Solving sparse principal component analysis with global support
- Santanu S. Dey ,
- Marco Molinaro ,
- Guanyi Wang
Mathematical Programming | , Vol 199: pp. 421-459
Row-sparse principal component analysis (rsPCA), also known as
principal component analysis (PCA) with global support, is the problem of
finding the top-r leading principal components such that all these principal
components are linear combination of a subset of k variables. rsPCA is a
popular dimension reduction tool in statistics that enhances interpretability
compared to regular PCA. Methods for solving
rsPCA in the literature are either greedy heuristics (in the special case of
r=1) with guarantees under restrictive statistical models, or algorithms with
stationary-point convergence for some regularized reformulation of rsPCA.
Crucially, none of the existing computational methods can efficiently guarantee
the quality of the solutions obtained by comparing against dual bounds.
In this work we first propose a convex relaxation based on operator norms
that provably approximates the feasible region of rsPCA within a O(logr)
factor. To prove this result we use a novel random sparsification procedure
that uses the Pietsch-Grothendieck factorization theorem and may be of independent interest. We also propose a simpler relaxation that is second-order cone representable and gives a (1+sqrt(r))-approximation for the feasible region.

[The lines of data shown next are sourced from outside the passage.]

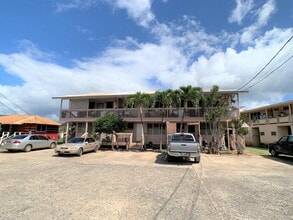 Building Photo - Waimea Apartment For Rent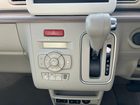 車両画像12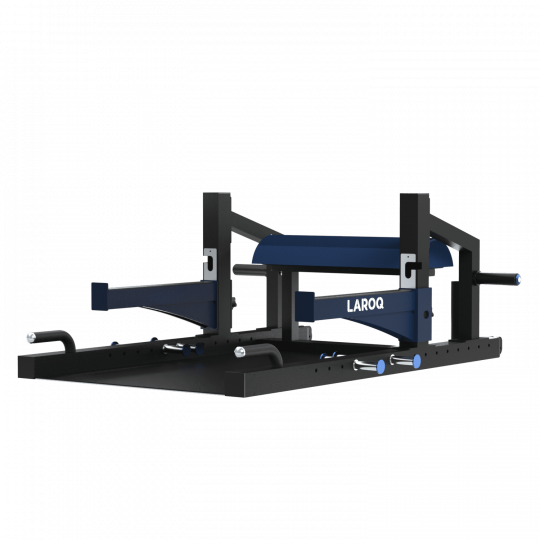 Banc Hip Thrust - LAROQ
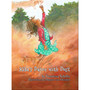 Kita’s Dance with Dust - ISBN 9780637002097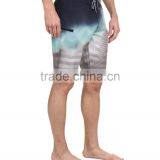 OEM Men Beach Short Pants Cheap Beach Pants Wholesale For Man thumbnail-4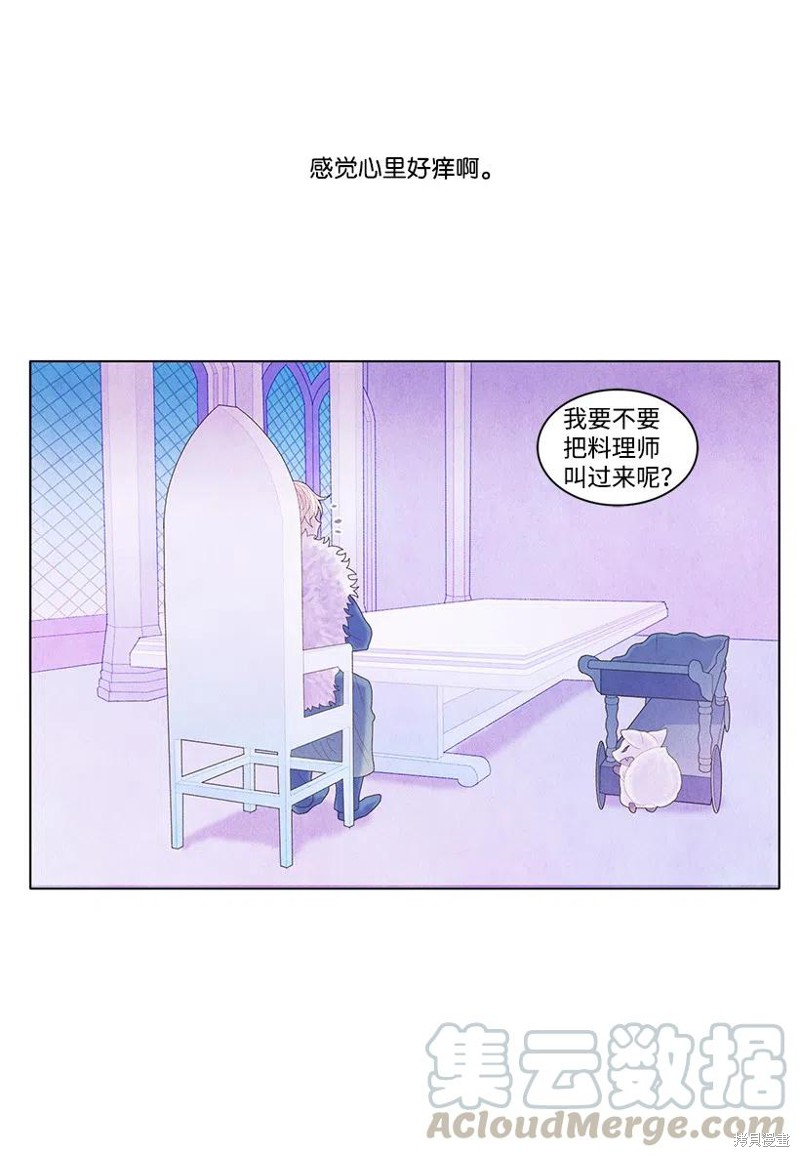 31.jpg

Using these relaxations we then propose a convex integer program that
provides a dual bound for the optimal value of rsPCA. Moreover, it also has
worst-case guarantees: it is within a multiplicative/additive factor of the original optimal value, the multiplicative factor being O(logr) or O(r)depending on the relaxation used. Finally, our experiments demonstrate both the viability of computing these dual bounds on instance with up to 2000 attributes and also their quality compared to baselines available.